**YOUR ASSIGNMENT:** Once you find the line containing "Outdoor dining set", set down exactly that line and every one after it through the end of the listing below, with both ends included and any pictures omitted.
━━ RAW DATA
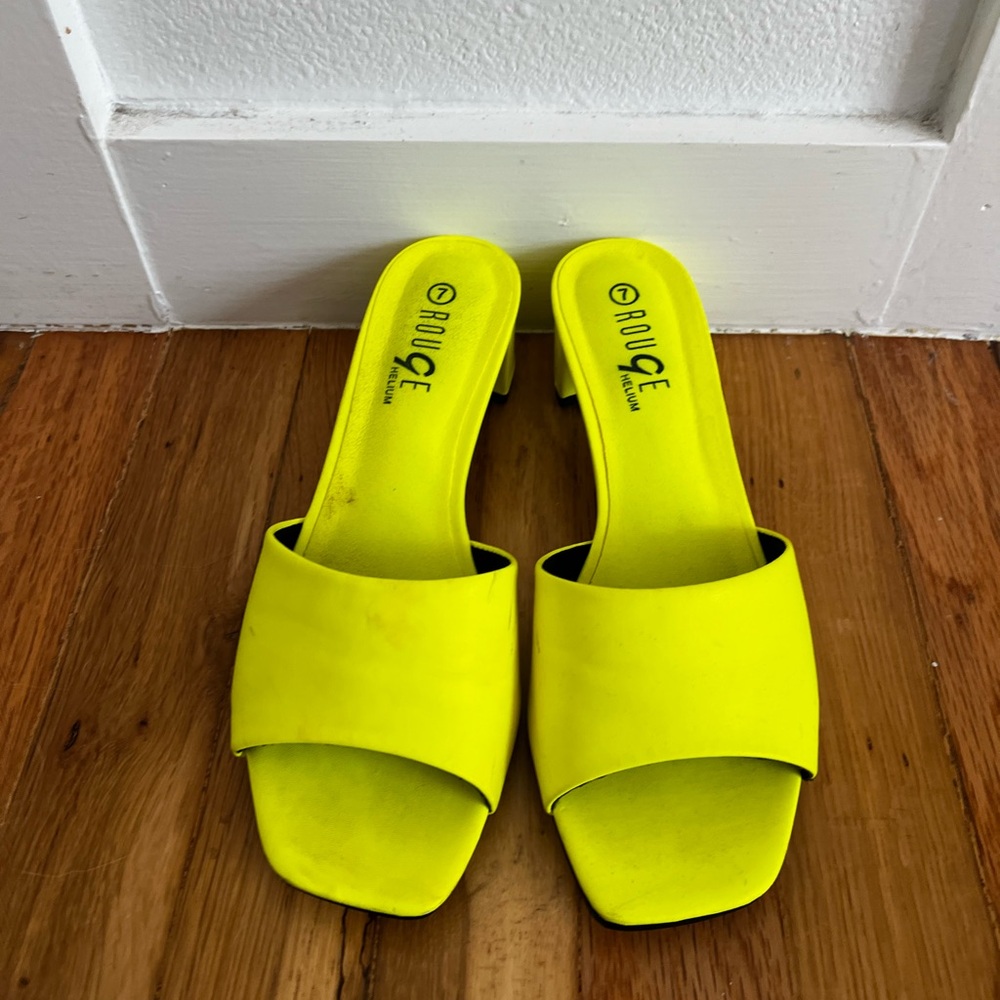 Neon Yellow Mules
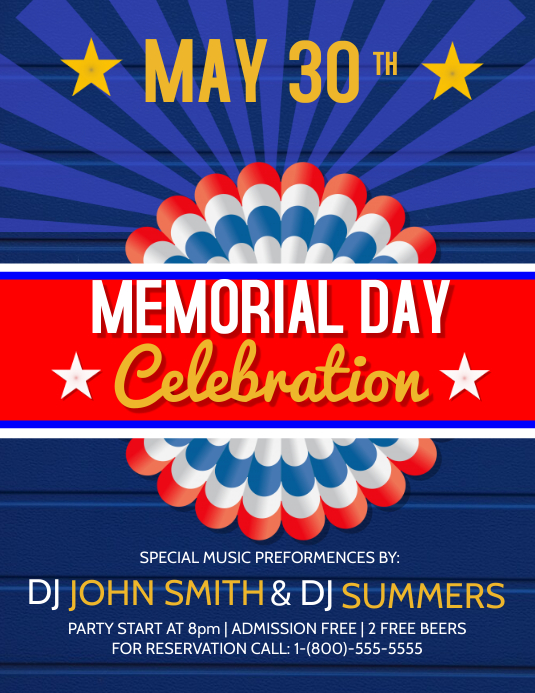 Memorial Day Celebration Flyer (US Letter) template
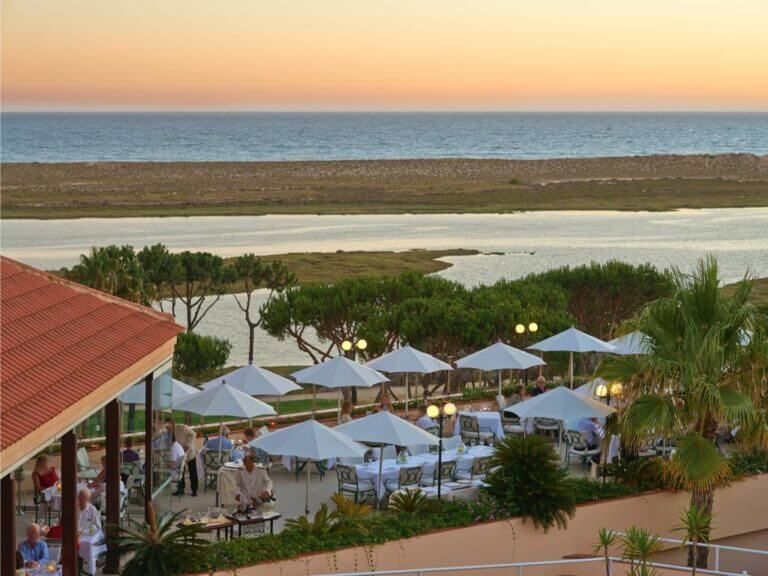 Outdoor dining set up at the Quinta do Lago Hotel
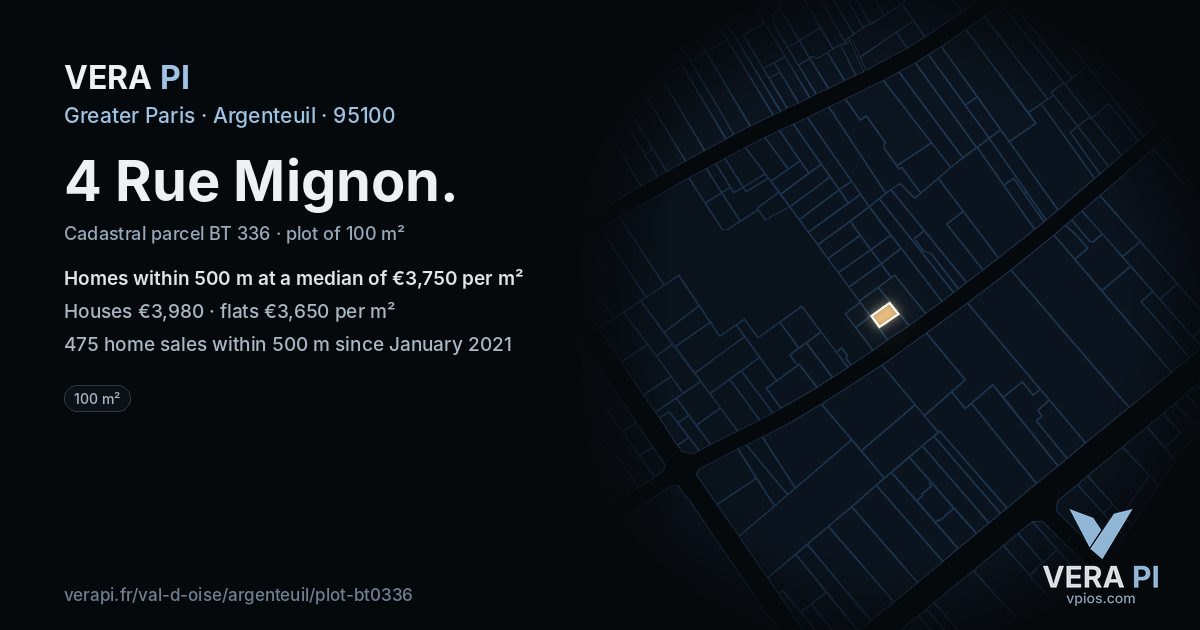 4 Rue Mignon, Argenteuil at night – the plot lit, the parcels around coloured by the prices near them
━━━━
**OUTPUT OF THE TASK:**
 Outdoor dining set up at the Quinta do Lago Hotel
 4 Rue Mignon, Argenteuil at night – the plot lit, the parcels around coloured by the prices near them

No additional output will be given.